An SNS has $N$ users - User $1$, User $2$, $\cdots$, User $N$.

Between these $N$ users, there are some relationships - $M$ friendships and $K$ blockships.

For each $i = 1, 2, \cdots, M$, there is a bidirectional friendship between User $A_i$ and User $B_i$.

For each $i = 1, 2, \cdots, K$, there is a bidirectional blockship between User $C_i$ and User $D_i$.

We define User $a$ to be a friend candidate for User $b$ when all of the following four conditions are satisfied:

• $a \neq b$.
• There is not a friendship between User $a$ and User $b$.
• There is not a blockship between User $a$ and User $b$.
• There exists a sequence $c_0, c_1, c_2, \cdots, c_L$ consisting of integers between $1$ and $N$ (inclusive) such that $c_0 = a$, $c_L = b$, and there is a friendship between User $c_i$ and $c_{i+1}$ for each $i = 0, 1, \cdots, L - 1$.

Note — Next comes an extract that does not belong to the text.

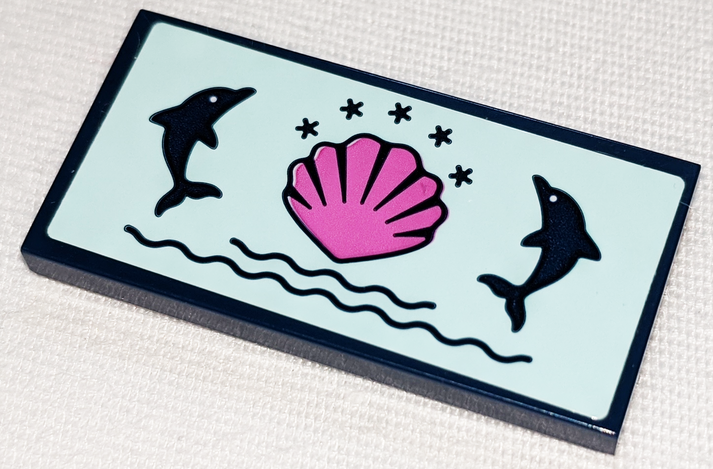 Tile 2 x 4 with Dark Pink Shell and Dark Blue Dolphins, Stars and Waves Pattern (Sticker) - Set 41347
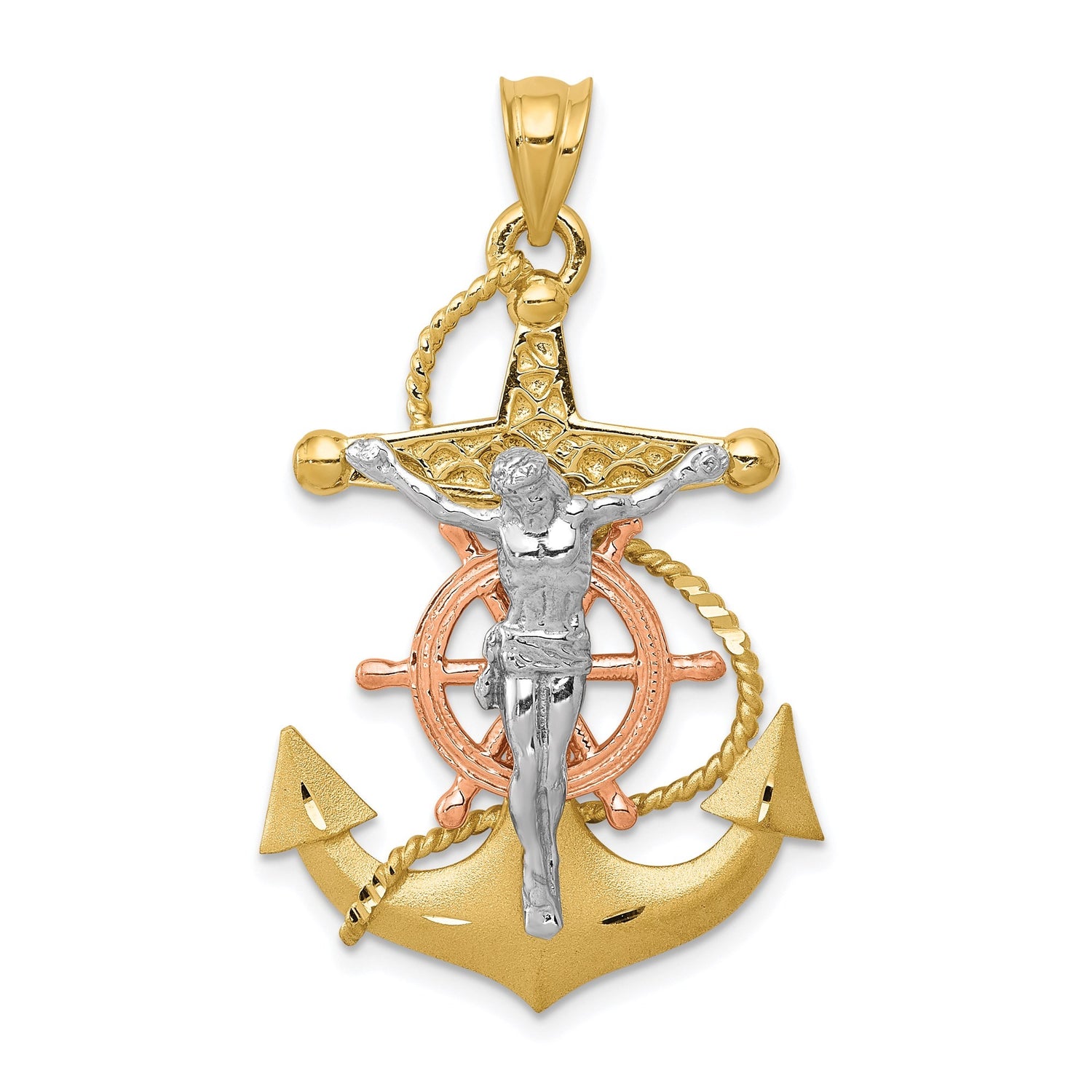 14k Tri Color Gold Crucifix Pendant with Anchor and Ship Wheel Design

For each user $i = 1, 2, ... N$, how many friend candidates does it have?

Constraints

• All values in input are integers.
• $2 ≤ N ≤ 10^5$
• $0 \leq M \leq 10^5$
• $0 \leq K \leq 10^5$
• $1 \leq A_i, B_i \leq N$
• $A_i \neq B_i$
• $1 \leq C_i, D_i \leq N$
• $C_i \neq D_i$
• $(A_i, B_i) \neq (A_j, B_j) (i \neq j)$
• $(A_i, B_i) \neq (B_j, A_j)$
• $(C_i, D_i) \neq (C_j, D_j) (i \neq j)$
• $(C_i, D_i) \neq (D_j, C_j)$
• $(A_i, B_i) \neq (C_j, D_j)$
• $(A_i, B_i) \neq (D_j, C_j)$

Sample Input 1

4 4 1
2 1
1 3
3 2
3 4
4 1

Sample Output 1

0 1 0 1

There is a friendship between User $2$ and $3$, and between $3$ and $4$. Also, there is no friendship or blockship between User $2$ and $4$. Thus, User $4$ is a friend candidate for User $2$.

However, neither User $1$ or $3$ is a friend candidate for User $2$, so User $2$ has one friend candidate.

Sample Input 2

5 10 0
1 2
1 3
1 4
1 5
3 2
2 4
2 5
4 3
5 3
4 5

Sample Output 2

0 0 0 0 0

Everyone is a friend of everyone else and has no friend candidate.

Sample Input 3

10 9 3
10 1
6 7
8 2
2 5
8 4
7 3
10 9
6 4
5 8
2 6
7 5
3 1

Sample Output 3

1 3 5 4 3 3 3 3 1 0